Page:Weird Tales Volume 6 Number 5 (1925-11).djvu/69
A Short and Terrible Tale of Murder
The
Headless Spokesman
By IRVIN MATTICK
Author of "Red and Black"
For the sixth time Slater looked at the clock on the shelf. He took the ax from his knees and tip-toed across the rough floor of the cabin to a door of an adjoining room. Listening intently he heard the deep breathing of a drunken man sleeping within.
Twenty minutes had passed now, since his son Drayton and old Settler Hurt had tottered across the big messroom of the hut and each gone, dead drunk, to his own room to sleep off the hootch they had guzzled. The three men had celebrated the lordly haul of pan gold they had washed from the river that winter.
In little cloth sacks the dust and pebbles of the precious metal were stacked under the boards of the messroom floor.
Slater had put up to his son the proposition of removing old Hurt, but the son had refused to kill, had even winced at being an accomplice to any such affair. So old man Slater gathered the three of them that night in a drinking bout.
Himself sipping tea from a bottle, Slater had watched his son Drayton, who was unaware of his father's murderous plan, drink the hootch with Settler Hurt from the big jug until the two men were beyond their senses and had reeled to their separate bunk chambers.
And now, the ax in his hands, Slater stood before old Hurt's door, listening.
Why should Hurt have one third of the gold when Slater and his own boy could have each one half of it?
What if Drayton was afraid to kill Hurt?
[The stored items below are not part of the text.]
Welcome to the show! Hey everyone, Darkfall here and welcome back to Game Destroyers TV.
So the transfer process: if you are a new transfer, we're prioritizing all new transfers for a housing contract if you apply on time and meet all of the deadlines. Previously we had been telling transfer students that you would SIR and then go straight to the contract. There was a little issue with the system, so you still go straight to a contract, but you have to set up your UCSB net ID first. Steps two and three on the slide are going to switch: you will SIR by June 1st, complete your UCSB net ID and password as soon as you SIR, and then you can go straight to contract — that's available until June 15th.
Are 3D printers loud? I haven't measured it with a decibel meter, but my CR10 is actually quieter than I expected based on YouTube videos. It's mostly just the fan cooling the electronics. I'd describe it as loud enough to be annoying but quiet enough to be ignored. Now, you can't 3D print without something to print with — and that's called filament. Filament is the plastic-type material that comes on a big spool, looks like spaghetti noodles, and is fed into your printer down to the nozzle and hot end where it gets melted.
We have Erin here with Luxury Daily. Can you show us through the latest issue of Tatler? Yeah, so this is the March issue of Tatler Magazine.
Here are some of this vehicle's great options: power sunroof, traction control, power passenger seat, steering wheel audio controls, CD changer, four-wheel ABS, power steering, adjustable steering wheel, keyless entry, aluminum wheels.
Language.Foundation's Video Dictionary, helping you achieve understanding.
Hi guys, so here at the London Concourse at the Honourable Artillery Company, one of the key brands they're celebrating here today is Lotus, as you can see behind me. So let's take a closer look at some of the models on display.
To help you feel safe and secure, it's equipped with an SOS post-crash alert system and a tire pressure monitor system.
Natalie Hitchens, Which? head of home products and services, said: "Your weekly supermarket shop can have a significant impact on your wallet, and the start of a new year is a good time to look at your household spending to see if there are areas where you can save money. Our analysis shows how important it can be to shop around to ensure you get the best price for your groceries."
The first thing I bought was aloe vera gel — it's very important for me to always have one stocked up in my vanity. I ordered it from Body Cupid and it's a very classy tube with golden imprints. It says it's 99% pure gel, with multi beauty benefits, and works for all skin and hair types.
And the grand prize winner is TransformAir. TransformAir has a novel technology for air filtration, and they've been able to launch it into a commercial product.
A shot—a gun accidentally discharged—a razor-lipped ax falling from a bracket—and old Slater had chosen the ax.
Twenty minutes was ample time for a boozed man to be fast asleep.
Slater was now inside of Hurt's room, closing the door behind him as cautiously and soundlessly as he had opened it. The room was inky black with the darkness, but a bit of good fortune was with Slater.
Through a tear in the window-shade of heavy paper a single strip of moonlight shone, and this fell straight across the sleeping bunk. The sleeper's face was turned from Slater, and the moon lay appropriately on the sun-browned nape of the drunken man's neck, just below the unkempt fringe of hair on his head.
Slater raised the keen ax to his shoulder and stepped toward the snoring man on the rough wooden bunk, to within a full swing of the weapon. Like a huge chalk mark the moon drew its white death-line across the sleeping man's neck, and the next second a purplish froth bubbled in that line of light.